Arriva nei punti vendita del territorio il libro dello chef romagnolo dell'osteria Tèra

In foto Gianmarco Casadei con la mamma Dolores, musa ispiratrice della sua cucina, e il babbo Giovanni

Il libro La mia Romagna dello chef Gianmarco Casadei sta arrivando in questi giorni nei punti vendita del territorio: tra questi l’enoteca Burioli di Gambettola, Edicolè a Savignano, l’osteria Tèra a Sogliano al Rubicone, la Cantina Enio Ottaviani a San Clemente di Rimini

Nel libro piatti che evocano un mondo

Le polpette con i piselli, la trippa, il piccione, i cardi con la salsiccia e il fegatino di maiale cotto nella rete. Naturalmente le tagliatelle al ragù e i cappelletti, e poi la piadina e, manco dirlo, la zuppa inglese.

Sono piatti che evocano un mondo, quelli che (insieme a pochi altri) Gianmarco Casadei, chef dell’osteria Tèra di Sogliano al Rubicone, ha inserito nel suo libro La mia Romagna uscito già da qualche mese per Maretti editore, con la direzione editoriale di Manfredi Nicolò Maretti, la fotografia Lido Vannucchi e testi di Sara Favilla oltre che una postfazione di Veronica Frison, blogger di “Cucinopertescemo”.

In arrivo nei punti vendita del territorio

Il volume sta arrivando in questi giorni nei punti vendita del territorio (tra questi l’enoteca Burioli di Gambettola, Edicolè a Savignano, l’osteria Tèra, la Cantina Enio Ottaviani a San Clemente di Rimini) ma non si tratta del classico libro di ricette.
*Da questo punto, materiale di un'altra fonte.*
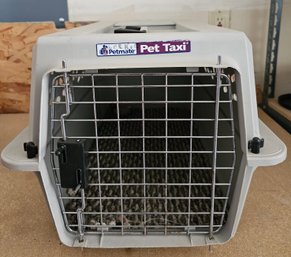 Plastic Petmate Pet Taxi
Il 38enne cuoco (una compagna e tre figli, residente a Sala di Cesenatico), approdato dal novembre 2021 all’osteria arrampicata sulla collina, dopo i 17 tornanti della via della Cioca, ben nota ai numerosi ciclisti che la sfidano partendo dalla fondovalle Rubicone, affida a quelle 141 pagine fresche di stampa un discorso che parte da lontano.

Pietanze per gli occhi

La Romagna, la famiglia, gli amici che producono le buone cose che finiscono poi sulla cucina del cuoco, come quelli del formaggio di fossa (i Brandinelli, i Venturi, le Antiche fosse, La Casa del Formaggio, i Pellegrini, i Brancaleoni) e quelli che fanno la carne (Lucio Zavatta, Domenico Celli…). Oppure quelli giovani che lavorano la terra, come i fratelli Brighi a Uffogliano, i ragazzi di Cau e Spada che hanno un allevamento di pecore nel Montefeltro, a Sassocorvaro,  o la romagnola Lia Conti fondatrice con Federico Arenzano, di Olivia, azienda agricola che dal 2021 sorge sulle colline di Onferno, nel Riminese. Sarà per questo, per la generazione cui appartiene lo chef, che nel libro si parla anche di Instagram e dei piatti che devono prima piacere agli occhi.

Hai mangiato?

Un racconto personale, un “giovane vecchio” che vuol tener stretta la memoria di un mondo, alternato a cenni di storia sulla cucina e la tradizione romagnola, sulla cucina regionale e tanto altro.  

A far da sfondo, l’osteria Tèra, trattoria contemporanea “un luogo dove si mangia come a casa – spiega Casadei -: da nonna, da mamma, da una signora che cucina per tutta la famiglia. Ma con tecniche e cultura attuali, che migliorano il gusto e le preparazioni, frutto dei miei studi, delle mie esperienze e della tecnologia che oggi ci aiuta enormemente. Un mangiare di casa in chiave moderna, con la mano di un professionista che amplifica l’emozione fino a renderla cerebrale. Questo libro è dedicato ai miei genitori, che con la più pura espressione d’amore, frase che mi piace ripetere ogni giorno ai miei clienti, mi dicono sempre: “Hai mangiato?”.